En fait, les défis et les effets délétères engendrés par le patchwork suburbain dépassent depuis longtemps ceux posés par un étalement qui explose en contexte d’une population qui croît à peine (malgré les prévisions glorieuses d’une autre époque). Le mot banlieue ne définit plus vraiment la relation de ces entités urbaine par rapport à la ville-centre. Il est depuis longtemps possible de vivre une vie complète dans une banlieue montréalaise typique. Avec un bref intermezzo dans une université montréalaise, le reste de sa vie pourrait se dérouler entièrement dans un des royaumes de banlieue de la confluence. Tous les algorithmes urbains du monde des services, du commerce, de la production manufacturière ou industrielle et de la consommation sont optimisés pour une vie en banlieue. Les banlieues montréalaises ont presque atteintes, pour emprunter l’expression d’une autre discipline, leurs escape velocity. La suburbanisation montréalaise repose sur un quadrillage autoroutier universel et par conséquent, rares sont les endroits où une vie sans voiture est imaginable ou autrement souhaité et possible.
Bien entendu, les choses on commencé doucement, de façon presque pittoresque, avec les tramways urbains et certaines lignes de trains (encore en service). Mais cette logique a pris fin avec la Grande Dépression et la Seconde Guerre mondiale. Même durant la guerre, les assises étaient posées pour une occupation et une utilisation bien différente du territoire métropolitain.
Dans toute cette histoire, un des aspects qui finit presque par choquer par son ampleur, c’est l’absence quasi totale d’une pensée urbaine ou même d’une urbanité cohérente. Le laissez-faire, autant par manque de capacité (avérée ou perçue), de volonté, ou par complaisance des autorités locales envers les développeurs (souvent les mêmes) serait risible si les conséquences n’étaient pas si souvent irréversibles. L’auteur n’est pas le premier à parler des modalités de fabrication de la banlieue qui se rapproche des chaînes de Ponzi. Prendre conscience de ceci demeure essentiel, même si cette lecture ne rassurera personne.
L’ouvrage de Gérard Beaudet vient synthétiser une histoire, offrir des constats et fournir des analyses indispensables sur la suburbanisation montréalaise à cette échelle qui manquait, celle de la région métropolitaine. Nous en retirons pour notre part une meilleure compréhension des enjeux et des défis émergents.
Note 1 : Full disclosure : J’ai eu la chance d’avoir Monsieur Beaudet pour une session et un cours durant ma formation dans ce qui était alors l’Institut d’urbanisme de l’Université de Montréal. Il était un pourvoyeur extraordinaire de cours magistraux et moi un bien piètre étudiant!
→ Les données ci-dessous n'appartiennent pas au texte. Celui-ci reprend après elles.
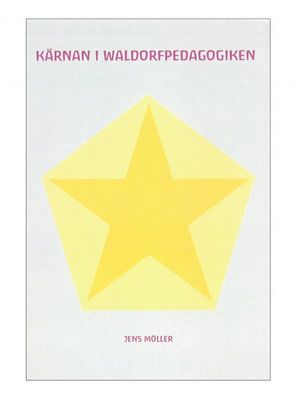 Kärnan i Waldorfpedagogiken, Jens Möller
Note 2 : La semaine prochaine, deuxième dans notre série de six livres sur la banlieue, cette fois avec Borderland : Origins of the American Suburb, 1820–1939
Note 3 (2022-04-14) : L’ouvrage ne comporte pas d’index ! En d’autres termes, il est très difficile de retrouver ou trouver une information spécifique ou de colliger toute l’information et l’analyse sur un thème donné. (Bien sûr, il y a une version PDF qu’il est possible de rechercher par mot-clé, mais ceci n’est pas la question.) J’ai soulevé ce manquement dans un courriel à la maison d’édition (Presses de l’Université Laval — PUL) ; quelques heures après, je recevais une réponse pour me dire qu’on allait transmettre l’information à l’auteur, dans l’éventualité d’une deuxième édition. Il n’en demeure pas moins que la responsabilité de composer un index appartient à l’éditeur, et que l’absence d’un index, de la part d’un éditeur universitaire dans un ouvrage destiné à un public spécialisé, est particulièrement inexcusable.